Getting back on the road after a sleepless night, the last thing you want to do is to hit something in the darkness. And it gets dark in the Canadian wilderness, dark enough to conceal a monstrous wild moose until it was well into the reach of headlights. Luckily, my reaction was swift enough to bring the car to a screeching halt before hitting the giant. The moose wandered off, and I scanned the surroundings for further signs of wildlife. I resumed driving and soon reached my destination, ready to witness what I was sure was to be a breathtaking sunrise across the mountain ranges of Jasper.
As the first light touched the peaks of Queen Elizabeth mountain range, the cold white snow turned into fire. The clouds overhead rolled over in orange, pink and purple. The nearly still water of Maligne Lake reflected it all and made the grandeur of the moment twice as magical.
In these moments, you realize that travel matters. Adventure matters. These wild places matter. We, as humans, are stewards of these spaces and have a responsibility to protect them. Tomorrow, I’ll return to the world of meetings, to-do lists and phones. But for this moment, I stand quietly in awe of an awakening sun and the company of birds.
Although it’s been said a lot — the colors of Canadian lakes look unreal, and the scenery here will make you feel like that you’re on a different planet. It’s one of the most remarkable places on the earth, prodigious and diversified in both landscape and experiences.
In Canada, I roamed forests, paddled lakes, and hiked to the peaks of mountains, all as a guest in places that have stood there for aeons.
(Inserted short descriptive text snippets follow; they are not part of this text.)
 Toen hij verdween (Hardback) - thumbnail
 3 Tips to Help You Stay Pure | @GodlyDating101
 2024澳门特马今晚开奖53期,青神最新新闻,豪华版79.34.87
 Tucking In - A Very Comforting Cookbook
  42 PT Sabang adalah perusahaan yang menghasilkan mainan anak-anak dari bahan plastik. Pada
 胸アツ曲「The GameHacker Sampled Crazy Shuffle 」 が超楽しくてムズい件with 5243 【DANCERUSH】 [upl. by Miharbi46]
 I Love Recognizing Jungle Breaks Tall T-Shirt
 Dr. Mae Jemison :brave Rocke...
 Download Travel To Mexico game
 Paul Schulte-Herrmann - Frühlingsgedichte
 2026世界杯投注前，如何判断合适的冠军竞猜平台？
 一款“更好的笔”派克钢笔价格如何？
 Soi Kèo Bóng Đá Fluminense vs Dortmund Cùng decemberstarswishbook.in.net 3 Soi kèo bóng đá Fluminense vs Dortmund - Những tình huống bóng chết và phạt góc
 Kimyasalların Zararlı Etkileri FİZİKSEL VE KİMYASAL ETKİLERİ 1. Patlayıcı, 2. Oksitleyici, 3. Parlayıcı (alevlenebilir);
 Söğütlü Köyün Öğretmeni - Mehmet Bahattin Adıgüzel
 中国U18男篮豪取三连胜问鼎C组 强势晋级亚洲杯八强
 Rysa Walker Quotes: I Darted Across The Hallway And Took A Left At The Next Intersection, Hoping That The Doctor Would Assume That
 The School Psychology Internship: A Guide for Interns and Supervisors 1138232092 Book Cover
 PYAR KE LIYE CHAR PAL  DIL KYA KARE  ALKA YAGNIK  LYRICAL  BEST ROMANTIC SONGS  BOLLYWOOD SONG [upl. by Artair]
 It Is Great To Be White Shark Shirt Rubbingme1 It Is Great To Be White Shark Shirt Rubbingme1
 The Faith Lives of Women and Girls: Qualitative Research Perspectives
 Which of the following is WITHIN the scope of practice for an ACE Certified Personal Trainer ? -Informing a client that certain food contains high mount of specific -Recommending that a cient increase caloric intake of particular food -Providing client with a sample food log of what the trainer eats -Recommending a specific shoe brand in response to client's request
The deeper I went into nature, the more disconnected I felt from the contemporary reality that’s been constructed around me.
Today, we look to nature to escape our grinding reality, and these are the moments that make our hearts swell.
There are always choices to make, and each decision shapes us in unique ways. We choose to wake up at 4am or 9am. We choose to climb a mountain or swim in the lake. We choose to stay and stagnate or move forward. I’m striving to become more aware that my choices, whether small or big, each make a difference.
After six days of wandering, I reach the Calgary airport to catch my flight back to Seattle — and miss it by just three minutes. Normally, I would have felt frustrated, but not this time. Instead, I happily accept the situation. I find a café in the city and begin writing this post.
The raw mountain air of Canada is still flowing through me. Everything feels fresh — the faces, the earth, the space around me, and me. Maybe this is the reason we all travel — to see the normal from a new perspective. To bring novelty into our soul, so that we can brighten the world and spread the positive energy.